I'm no expert on nlme and often have similar problems when fitting models, especially when you cannot use nlsList to get started. My guess is that you have 4 parameters in your function (h, T, t, k), but you are only estimating one of them as both a fixed effect and with a random effect. I believe this then constrains the other parameters to zero which would in effect eliminate them from the model (but you still have them in the model!). Usually you include all the parameters as fixed, and then try to decide how many of them you also want to have a random effect. So I would include all 4 in the fixed argument and the start argument. Since you have 4 parameters, each one has to be either fixed or random, or both - otherwise, how can they be in the model?
apologies for what is likely to be a very basic question, I am very new to R.
I am looking to read off my augPred plot in order to average out the values to provide a prediction between a time period.
> head(tthm.groupeddata)
Grouped Data: TTHM ~ Yearmon | WSZ_Code
WSZ_Code Treatment_Code Year Month TTHM CL2_FREE BrO3 Colour PH TURB Yearmon
1 2 3 1996 1 30.7 0.35 0.00030 0.75 7.4 0.055 Jan 1996
2 6 1 1996 2 24.8 0.25 0.00055 0.75 6.9 0.200 Feb 1996
3 7 4 1996 2 60.4 0.05 0.00055 0.75 7.1 0.055 Feb 1996
4 7 4 1996 2 58.1 0.15 NA 0.75 7.5 0.055 Feb 1996
5 7 4 1996 3 62.2 0.20 NA 2.00 7.6 0.055 Mar 1996
6 5 2 1996 3 40.3 0.15 0.00140 2.00 7.7 0.055 Mar 1996
This is my model:
modellme<- lme(TTHM ~ Yearmon, random = ~ 1|WSZ_Code, data=tthm.groupeddata)
and my current plot:
plot(augPred(modellme, order.groups=T),xlab="Date", ylab="TTHM concentration", main="TTHM Concentration with Time for all Water Supply Zones")
I would like a way to read off the graph by either placing lines between a specific time period in a specific WSZ_Code (my group) and averaging the values between this period...

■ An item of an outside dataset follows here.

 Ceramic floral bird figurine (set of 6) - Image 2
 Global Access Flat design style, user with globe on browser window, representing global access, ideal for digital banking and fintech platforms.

Of course any other way/help or guidance would be much appreciated!
Thanks in advance
I don't think we can tell whether it is "entirely incorrect", since you have not described the question and have not included any data. (The plotting question is close to being entirely incorrect, though.) I can tell you that the answer is NOT to use abline, since augPred objects are plotted with plot.augPred which returns (and plots) a lattice object. abline is a base graphic function and does not share a coordinate system with the lattice device. Lattice objects are lists that can be modified. Your plot probably had different panels at different levels of WSZ_Code, but the location of the desired lines is entirely unclear especially since you trail off with an ellipsis. You refer to "times" but there is no "times" variable.
There are lattice functions such as trellis.focus and update.trellis that allow one to apply modifications to lattice objects. You would first assign the plot object to a named variable, make mods to it and then plot() it again.
help(package='lattice')
?Lattice
(If this is a rush job, you might be better off making any calculations by hand and using ImageMagick to edit pdf or png output.)